DATASET RECORDS: Begin

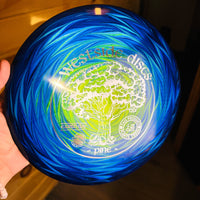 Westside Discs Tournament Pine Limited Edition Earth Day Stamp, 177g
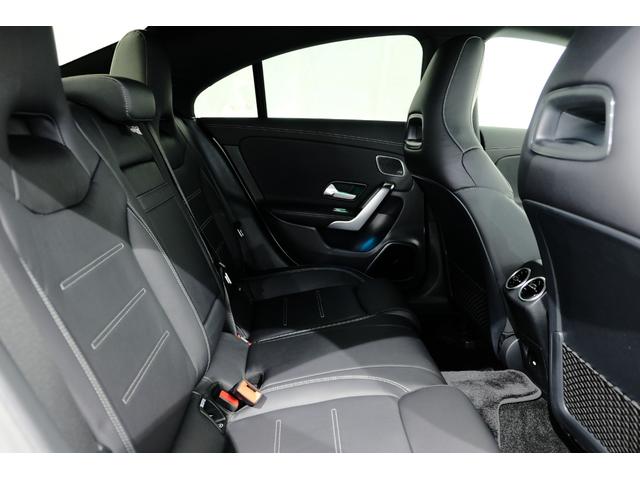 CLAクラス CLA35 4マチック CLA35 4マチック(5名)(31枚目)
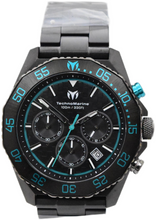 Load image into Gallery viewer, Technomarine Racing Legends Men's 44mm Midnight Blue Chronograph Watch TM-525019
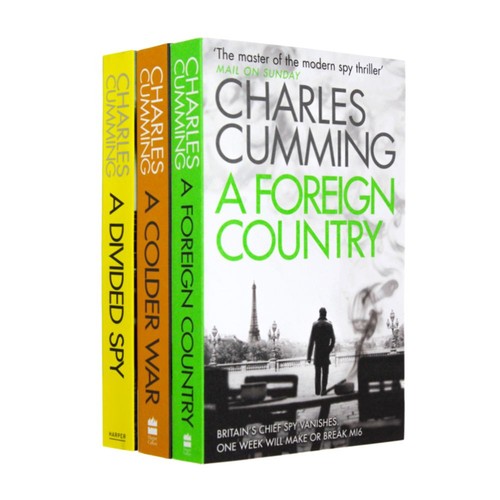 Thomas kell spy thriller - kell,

DATASET RECORDS: End
DATASET RECORDS: Begin

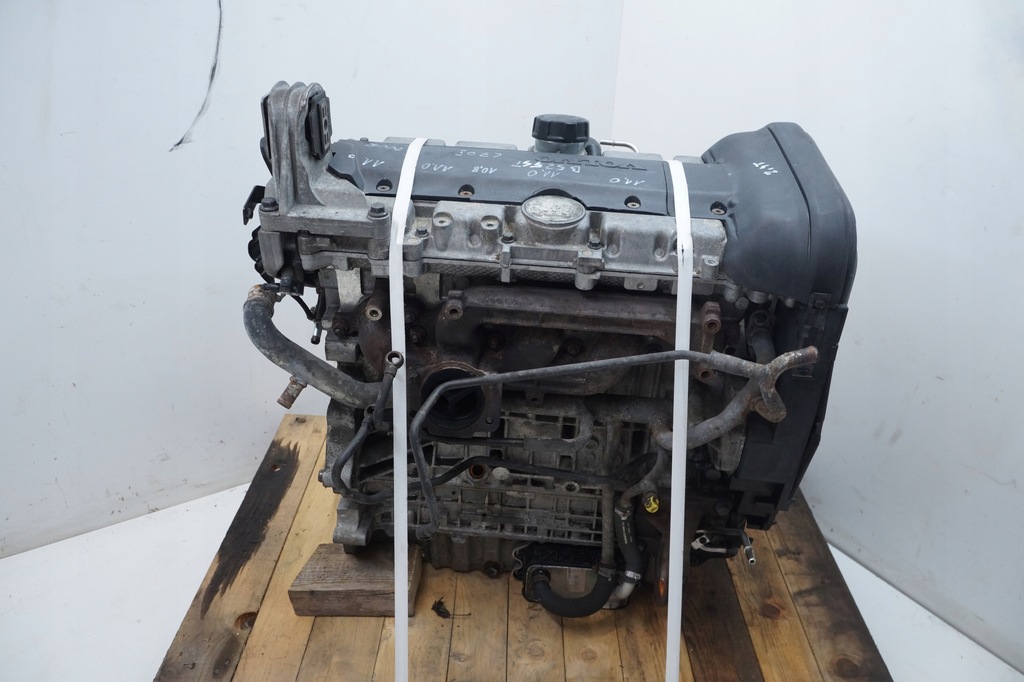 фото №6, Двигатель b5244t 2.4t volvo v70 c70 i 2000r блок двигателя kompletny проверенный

DATASET RECORDS: End

PROBLEM REQUIREMENTS
Reproduce word for word, with pictures dropped, only the part of the material above that opens with the line containing "Westside Discs Tournament" and closes with the line containing "Thomas kell spy".

OUTPUT OF THE EXERCISE
 Westside Discs Tournament Pine Limited Edition Earth Day Stamp, 177g
 CLAクラス CLA35 4マチック CLA35 4マチック(5名)(31枚目)
 Load image into Gallery viewer, Technomarine Racing Legends Men's 44mm Midnight Blue Chronograph Watch TM-525019
 Thomas kell spy thriller - kell,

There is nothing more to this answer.